A review of the Columbia River Treaty, which the United States and Canada entered in 1964, has British Columbia growers hoping for compensation for the impact it’s had on their industry.
While the treaty has been effective in managing the Columbia River, harnessing its might for power generation and regulating flows to prevent disastrous flooding along its lower reaches, B.C. growers claim dams Canada built under the treaty also ensured a stable supply of irrigation water that supported the incredible growth of the Washington State apple industry in recent decades.
Since completion of the first dam built under the treaty in 1968, apple acreage in the state has risen from 60,000 acres to approximately 150,000 acres today. Production has increased more than sixfold, reaching 6.5 billion pounds in 2012.
The dramatic growth has had international impact.
“Washington has captured all of the growth in the domestic market and taken a small portion of the market away from other growing areas,” observed Dr.

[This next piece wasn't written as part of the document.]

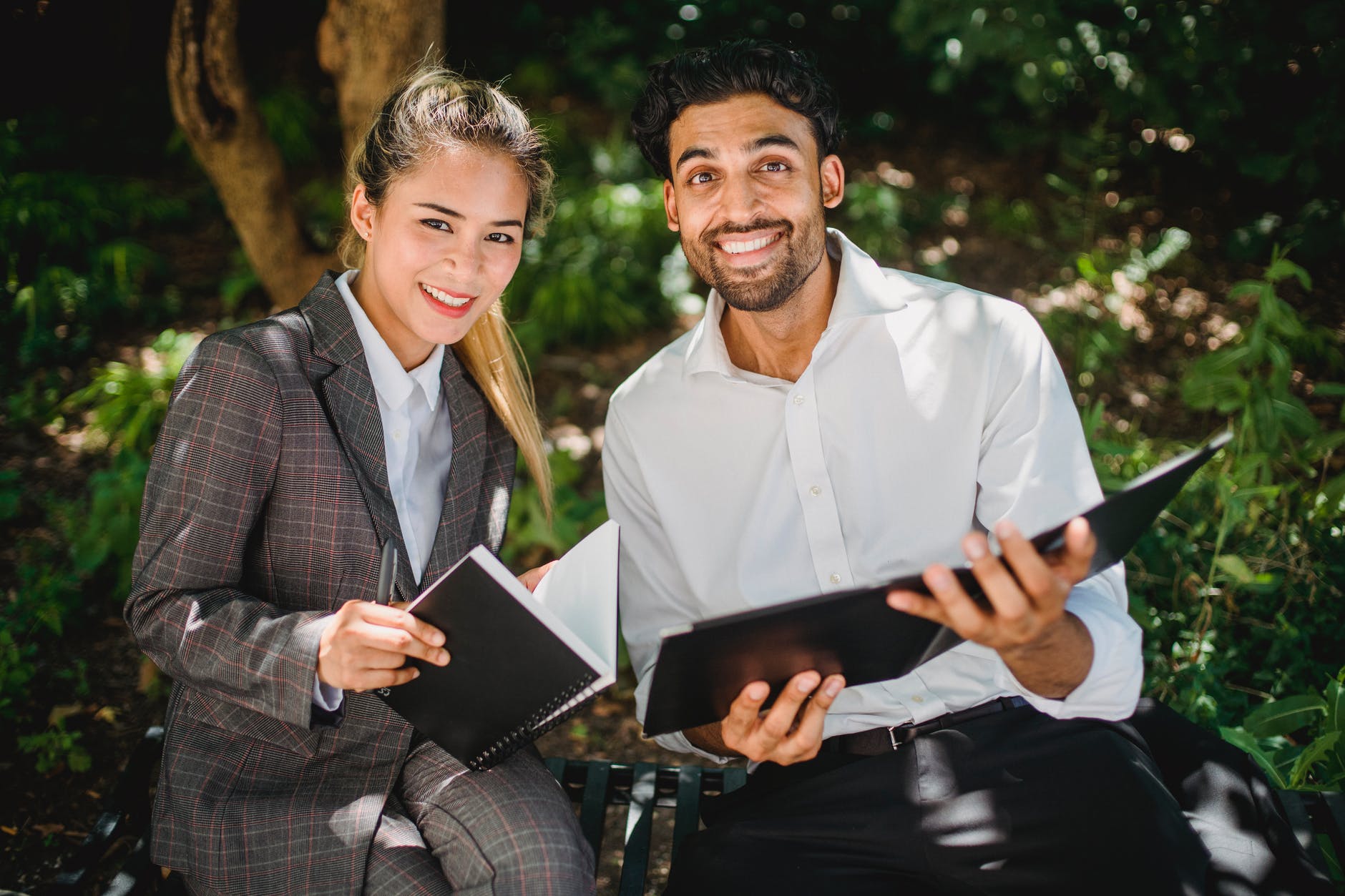 Why Should You Pursue a Business Degree?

Thomas Schotzko and David Granatstein, extension scientists at Washington State University, in a 2004 paper.
It’s no surprise to B.C. growers, now dwarfed by the giant to the south. British Columbia has shifted to newer varieties and more productive plantings, but Washington—where apple production was seven times as great as British Columbia through the 1980s – today produces more than 30 times as many apples as its northern neighbor.
Meanwhile, production in British Columbia has slipped from more than 300 million pounds a year in the late 1960s to 215.5 million pounds in 2012.

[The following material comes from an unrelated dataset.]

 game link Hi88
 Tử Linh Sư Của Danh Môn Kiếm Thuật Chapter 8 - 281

“The impact of the increased volumes is unquestioned,” said Glen Lucas, general manager of the B.C. Tree Fruit Growers Association that represents most growers in the province.
Washington has become so productive that many B.C. growers believe the treaty has caused them economic hardship. The state’s output was so overwhelming that growers sought and obtained an antidumping order against Washington State apples in 1989 (the order was rescinded in 2000).

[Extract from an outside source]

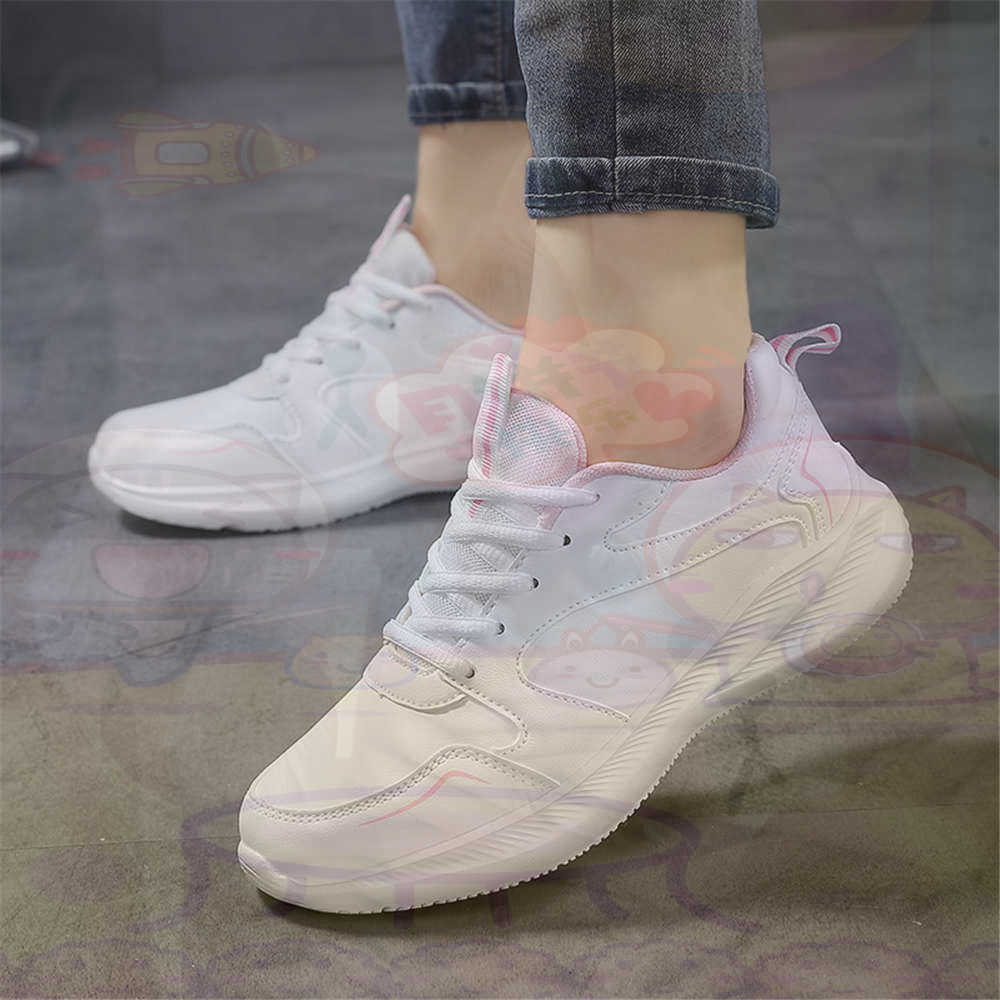 Women'S Accessories Famous Footwear - 35-40 Numarası 42. Erkekler Için Serin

With the Columbia River Treaty under review, fruit growers have joined with the B.C. Vegetable Marketing Commission and the B.C. Potato and Vegetable Growers Association to seek a cut of revenues the province receives under the treaty.
Residents displaced by dam construction and reservoir creation in the Kootenay region received compensation, and in 1995 the province created the Columbia Basin Trust with a $295 million endowment designed to support social, economic, and environmental initiatives in the area.
Growers have suggested an annual allocation of $9.25 million for the competitive disadvantage they face, a fraction of the $200 million to $300 million the province receives from treaty power sales each year.
Tough to prove
But drawing a connection between the treaty, irrigation, and industry growth in Washington, and the effect these have had on growers in British Columbia, is easier said than done.
The treaty doesn’t affect the supply of irrigation water in British Columbia’s Okanagan Valley, for example. While it has helped regulate the flow of water down the Columbia, a stable supply of water for irrigation in Washington wasn’t an immediate guarantee of success. More productive, higher-density plantings with newer varieties also boosted crop volumes.
Washington tree fruit surveys conducted by the National Agricultural Statistics Service show that apple acreage in Washington grew only slightly from 160,980 acres to 167,489 acres between 1986 and 2011. Increased plantings in the Columbia Basin were offset by a significant reduction in acreage in the Wenatchee district, which also draws water from the Columbia.
Lucas acknowledged that water hasn’t been the only factor at play, but the timing of growth points to the treaty’s significance.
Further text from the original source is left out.